What you are asked to do:
Word for word, set down every line of the entries below from the line with "Aluminium Ceiling Bracket" to the line with "Machine Washable Indoor/Outdoor", including both, and no other line.

Data extracted from a collection
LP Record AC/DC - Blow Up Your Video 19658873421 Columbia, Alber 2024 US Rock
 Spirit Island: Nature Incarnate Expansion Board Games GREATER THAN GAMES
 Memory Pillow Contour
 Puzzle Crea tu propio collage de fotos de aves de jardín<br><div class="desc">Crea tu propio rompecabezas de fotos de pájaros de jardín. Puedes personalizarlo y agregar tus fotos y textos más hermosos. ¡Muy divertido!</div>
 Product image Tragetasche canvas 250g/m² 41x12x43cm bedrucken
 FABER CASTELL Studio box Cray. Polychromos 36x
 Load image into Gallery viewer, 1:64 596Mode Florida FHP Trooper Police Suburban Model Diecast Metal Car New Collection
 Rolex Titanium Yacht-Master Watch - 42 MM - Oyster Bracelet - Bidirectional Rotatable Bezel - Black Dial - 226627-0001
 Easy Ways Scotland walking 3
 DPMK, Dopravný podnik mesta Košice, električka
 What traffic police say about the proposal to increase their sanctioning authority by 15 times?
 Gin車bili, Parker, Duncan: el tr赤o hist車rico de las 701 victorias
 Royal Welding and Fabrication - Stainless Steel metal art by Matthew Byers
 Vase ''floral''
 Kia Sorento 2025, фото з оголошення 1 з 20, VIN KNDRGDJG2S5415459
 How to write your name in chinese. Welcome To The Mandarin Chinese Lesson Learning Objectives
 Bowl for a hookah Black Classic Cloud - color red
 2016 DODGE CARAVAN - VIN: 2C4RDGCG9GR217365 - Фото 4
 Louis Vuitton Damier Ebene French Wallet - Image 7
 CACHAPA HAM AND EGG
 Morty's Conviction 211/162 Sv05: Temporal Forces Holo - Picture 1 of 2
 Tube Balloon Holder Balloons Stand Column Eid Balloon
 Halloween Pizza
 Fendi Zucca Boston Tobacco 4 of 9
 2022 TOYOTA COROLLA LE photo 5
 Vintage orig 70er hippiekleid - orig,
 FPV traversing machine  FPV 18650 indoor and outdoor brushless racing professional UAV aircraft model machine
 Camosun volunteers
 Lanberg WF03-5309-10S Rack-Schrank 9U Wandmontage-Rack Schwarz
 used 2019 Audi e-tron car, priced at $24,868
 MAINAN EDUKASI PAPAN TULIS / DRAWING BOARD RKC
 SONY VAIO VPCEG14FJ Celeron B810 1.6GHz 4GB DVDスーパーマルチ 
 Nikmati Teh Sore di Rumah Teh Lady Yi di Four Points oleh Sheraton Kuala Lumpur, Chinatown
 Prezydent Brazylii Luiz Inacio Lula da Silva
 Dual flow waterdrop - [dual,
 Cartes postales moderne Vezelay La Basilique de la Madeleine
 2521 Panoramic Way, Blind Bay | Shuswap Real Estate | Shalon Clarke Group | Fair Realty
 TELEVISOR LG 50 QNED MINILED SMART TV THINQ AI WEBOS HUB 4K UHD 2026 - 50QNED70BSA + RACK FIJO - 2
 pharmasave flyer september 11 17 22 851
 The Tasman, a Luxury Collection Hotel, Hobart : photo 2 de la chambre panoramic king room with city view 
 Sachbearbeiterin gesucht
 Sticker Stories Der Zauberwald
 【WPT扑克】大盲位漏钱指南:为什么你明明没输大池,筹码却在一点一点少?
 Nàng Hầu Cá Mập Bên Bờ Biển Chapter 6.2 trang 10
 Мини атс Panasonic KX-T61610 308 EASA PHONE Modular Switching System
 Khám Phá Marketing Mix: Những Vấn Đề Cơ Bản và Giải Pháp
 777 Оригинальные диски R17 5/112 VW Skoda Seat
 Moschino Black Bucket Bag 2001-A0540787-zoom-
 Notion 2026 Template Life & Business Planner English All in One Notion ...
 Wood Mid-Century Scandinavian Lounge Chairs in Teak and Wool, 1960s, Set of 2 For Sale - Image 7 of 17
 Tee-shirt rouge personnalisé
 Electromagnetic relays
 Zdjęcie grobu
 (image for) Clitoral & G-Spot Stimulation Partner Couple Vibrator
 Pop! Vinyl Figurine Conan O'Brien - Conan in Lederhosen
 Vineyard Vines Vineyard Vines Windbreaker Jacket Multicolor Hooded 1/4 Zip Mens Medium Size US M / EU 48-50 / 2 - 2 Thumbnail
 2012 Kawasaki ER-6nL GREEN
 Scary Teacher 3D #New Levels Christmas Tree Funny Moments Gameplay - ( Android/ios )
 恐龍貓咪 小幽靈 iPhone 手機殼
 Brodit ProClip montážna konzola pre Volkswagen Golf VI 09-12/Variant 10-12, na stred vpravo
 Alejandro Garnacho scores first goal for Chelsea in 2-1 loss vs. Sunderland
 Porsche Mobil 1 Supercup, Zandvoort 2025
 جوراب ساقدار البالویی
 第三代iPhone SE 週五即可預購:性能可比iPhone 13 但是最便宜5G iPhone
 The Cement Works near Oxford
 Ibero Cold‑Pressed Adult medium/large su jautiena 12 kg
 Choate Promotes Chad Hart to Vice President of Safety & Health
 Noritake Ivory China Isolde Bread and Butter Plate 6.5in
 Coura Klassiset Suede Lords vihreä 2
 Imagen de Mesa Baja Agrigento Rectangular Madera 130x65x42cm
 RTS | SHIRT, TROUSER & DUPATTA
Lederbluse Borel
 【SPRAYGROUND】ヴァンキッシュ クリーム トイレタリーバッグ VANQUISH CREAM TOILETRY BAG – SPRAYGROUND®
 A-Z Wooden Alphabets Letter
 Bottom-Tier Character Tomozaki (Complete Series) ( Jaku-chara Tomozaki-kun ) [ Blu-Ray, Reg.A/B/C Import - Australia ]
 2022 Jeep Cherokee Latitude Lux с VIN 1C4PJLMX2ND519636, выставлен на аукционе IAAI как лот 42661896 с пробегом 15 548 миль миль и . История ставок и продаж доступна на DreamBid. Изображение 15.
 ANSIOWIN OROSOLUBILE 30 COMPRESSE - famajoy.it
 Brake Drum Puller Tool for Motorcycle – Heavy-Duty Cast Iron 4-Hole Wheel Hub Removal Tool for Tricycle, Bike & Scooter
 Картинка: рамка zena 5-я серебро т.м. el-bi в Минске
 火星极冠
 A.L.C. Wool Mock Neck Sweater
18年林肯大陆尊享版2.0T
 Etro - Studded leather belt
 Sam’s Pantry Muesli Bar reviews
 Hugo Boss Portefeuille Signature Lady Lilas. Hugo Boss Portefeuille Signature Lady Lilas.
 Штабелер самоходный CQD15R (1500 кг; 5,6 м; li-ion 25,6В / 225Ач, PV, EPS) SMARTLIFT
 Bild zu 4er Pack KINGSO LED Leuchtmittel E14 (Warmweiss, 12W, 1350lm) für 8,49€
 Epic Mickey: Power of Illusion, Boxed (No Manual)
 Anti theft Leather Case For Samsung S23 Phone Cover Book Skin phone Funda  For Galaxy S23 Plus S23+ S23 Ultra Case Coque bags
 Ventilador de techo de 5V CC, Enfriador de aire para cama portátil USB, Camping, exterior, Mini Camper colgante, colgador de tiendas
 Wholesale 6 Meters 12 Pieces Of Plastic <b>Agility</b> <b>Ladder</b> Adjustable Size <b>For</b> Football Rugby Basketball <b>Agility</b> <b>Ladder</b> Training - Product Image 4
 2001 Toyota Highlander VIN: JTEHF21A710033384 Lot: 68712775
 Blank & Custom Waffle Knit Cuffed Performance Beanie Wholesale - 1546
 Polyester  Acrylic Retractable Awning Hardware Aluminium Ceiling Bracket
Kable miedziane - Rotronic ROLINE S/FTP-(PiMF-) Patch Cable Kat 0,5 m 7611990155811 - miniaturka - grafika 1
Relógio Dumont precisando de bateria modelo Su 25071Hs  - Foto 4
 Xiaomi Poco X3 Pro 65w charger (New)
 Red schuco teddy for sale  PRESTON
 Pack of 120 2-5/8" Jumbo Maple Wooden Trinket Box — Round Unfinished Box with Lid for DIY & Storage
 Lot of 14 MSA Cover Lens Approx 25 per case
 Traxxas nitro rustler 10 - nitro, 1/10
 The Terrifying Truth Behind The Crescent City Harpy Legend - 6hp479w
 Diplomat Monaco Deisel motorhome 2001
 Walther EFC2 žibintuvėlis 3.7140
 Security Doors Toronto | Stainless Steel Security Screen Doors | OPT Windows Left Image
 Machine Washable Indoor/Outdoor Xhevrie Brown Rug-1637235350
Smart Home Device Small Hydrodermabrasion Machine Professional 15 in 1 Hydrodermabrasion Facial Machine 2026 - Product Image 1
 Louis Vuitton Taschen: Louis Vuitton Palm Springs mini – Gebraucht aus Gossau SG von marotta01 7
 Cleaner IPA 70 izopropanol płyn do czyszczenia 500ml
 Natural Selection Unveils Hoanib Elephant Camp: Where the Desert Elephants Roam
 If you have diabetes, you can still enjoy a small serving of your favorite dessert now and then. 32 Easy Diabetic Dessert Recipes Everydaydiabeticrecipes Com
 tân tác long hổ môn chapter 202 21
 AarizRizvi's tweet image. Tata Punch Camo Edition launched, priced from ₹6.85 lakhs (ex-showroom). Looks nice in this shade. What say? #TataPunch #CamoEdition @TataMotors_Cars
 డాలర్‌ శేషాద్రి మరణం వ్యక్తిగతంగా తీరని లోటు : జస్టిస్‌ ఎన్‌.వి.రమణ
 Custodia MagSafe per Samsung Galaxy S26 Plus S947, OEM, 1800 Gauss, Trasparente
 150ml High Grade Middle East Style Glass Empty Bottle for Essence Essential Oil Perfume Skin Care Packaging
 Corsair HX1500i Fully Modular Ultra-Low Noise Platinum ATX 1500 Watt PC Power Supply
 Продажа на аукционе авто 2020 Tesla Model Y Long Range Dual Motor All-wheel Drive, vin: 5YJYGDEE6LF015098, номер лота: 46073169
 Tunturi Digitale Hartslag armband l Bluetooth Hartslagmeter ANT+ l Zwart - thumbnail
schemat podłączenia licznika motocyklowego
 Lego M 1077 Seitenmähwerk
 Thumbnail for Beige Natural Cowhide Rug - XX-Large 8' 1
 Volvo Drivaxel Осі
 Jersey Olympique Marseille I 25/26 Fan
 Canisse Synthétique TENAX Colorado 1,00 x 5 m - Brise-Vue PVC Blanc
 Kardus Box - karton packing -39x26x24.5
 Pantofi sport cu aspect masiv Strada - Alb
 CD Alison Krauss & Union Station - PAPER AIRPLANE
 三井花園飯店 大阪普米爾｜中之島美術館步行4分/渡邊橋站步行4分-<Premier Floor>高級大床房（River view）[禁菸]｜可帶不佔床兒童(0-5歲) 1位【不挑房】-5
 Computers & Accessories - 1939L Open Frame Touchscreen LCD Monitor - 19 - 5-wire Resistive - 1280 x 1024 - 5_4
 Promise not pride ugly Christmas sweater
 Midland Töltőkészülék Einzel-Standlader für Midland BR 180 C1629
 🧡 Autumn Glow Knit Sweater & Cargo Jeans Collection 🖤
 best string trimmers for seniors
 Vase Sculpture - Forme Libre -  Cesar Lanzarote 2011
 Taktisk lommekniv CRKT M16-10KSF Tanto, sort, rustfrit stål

Reply:
 Polyester  Acrylic Retractable Awning Hardware Aluminium Ceiling Bracket
Kable miedziane - Rotronic ROLINE S/FTP-(PiMF-) Patch Cable Kat 0,5 m 7611990155811 - miniaturka - grafika 1
Relógio Dumont precisando de bateria modelo Su 25071Hs  - Foto 4
 Xiaomi Poco X3 Pro 65w charger (New)
 Red schuco teddy for sale  PRESTON
 Pack of 120 2-5/8" Jumbo Maple Wooden Trinket Box — Round Unfinished Box with Lid for DIY & Storage
 Lot of 14 MSA Cover Lens Approx 25 per case
 Traxxas nitro rustler 10 - nitro, 1/10
 The Terrifying Truth Behind The Crescent City Harpy Legend - 6hp479w
 Diplomat Monaco Deisel motorhome 2001
 Walther EFC2 žibintuvėlis 3.7140
 Security Doors Toronto | Stainless Steel Security Screen Doors | OPT Windows Left Image
 Machine Washable Indoor/Outdoor Xhevrie Brown Rug-1637235350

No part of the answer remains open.